Feeling beneath anger
As we are able to feel more deeply what we really feel, we discover there are layers. Behind anger, there's going to be something beneath it. It's very rare for anger to be pure, and when it is, it's usually very short and fast. When it's a recurrent, habitual thing, anger is a mechanism to help us function when we're afraid, or to protect from pain by numbing it. That's where we can go deeper and start feeling. If there's pain fueling anger, as I feel the pain, the anger dissipates. And as I feel the pain, things start to shift.
Transmutation through feeling
There's a process that has been described as transmutation, where our emotional body, our deepest energies of feeling and emotion, start to shift in ways so profound that it's mind-blowing. We really had no idea that something horrible and scary and painful could become so beautiful and loving. But it happens through the heart, through feeling. It's an embodying of the process of waking up. These two pillars are very much working together, and it's really one process, but it's important to see them as complementary and distinct.
Let me know if anything resonates or if you have any questions.

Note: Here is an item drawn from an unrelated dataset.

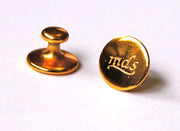 MDS Collar Buttons - Brass Plated Shanks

As you were speaking, I realized it was more than just conflict. It was bigger: speaking up in any situation, even in this one here.
Yes.
The goal isn't really to act on the feelings. It's just to recognize them and how that is the engine of emotions and thoughts.
A direct relationship, not just recognition
Yes, and also to have a direct relationship. You say "recognize," and one thing about that word is that it invokes a more detached kind of knowing or labeling: "Oh, this is the feeling." But what I'm pointing to is a full, direct, raw relationship, where I am completely swimming in the feeling. It's going to be grief, sadness, joy, excitement. It's often really strange because it's so unfamiliar, and sometimes hard to name. It's often uncomfortable because it's spacious and unformed. There will be a mental process trying to make it something known. For example, love can be made into pain. Excitement can be turned into anxious worry. Open, loving vulnerability can be turned into shame and embarrassment.
Why do we do that?
Good question. There are many reasons. One of them is that we cannot exist in the way we normally are simultaneously with these feelings. The "I" that we believed ourselves to be cannot swim in those depths. And yet it's what we long for.
I guess it's the ocean of feelings versus the waves of emotions that we're caught up in.
Exactly. A teacher you might have heard of, Eckhart Tolle, calls this the pain body. I would say he's describing and pointing to exactly this mental-emotional loop that we identify with. It creates a localized, centralized, knowable sense of self.
It's like we're not seeing the bigger picture.
You're not seeing things as they are.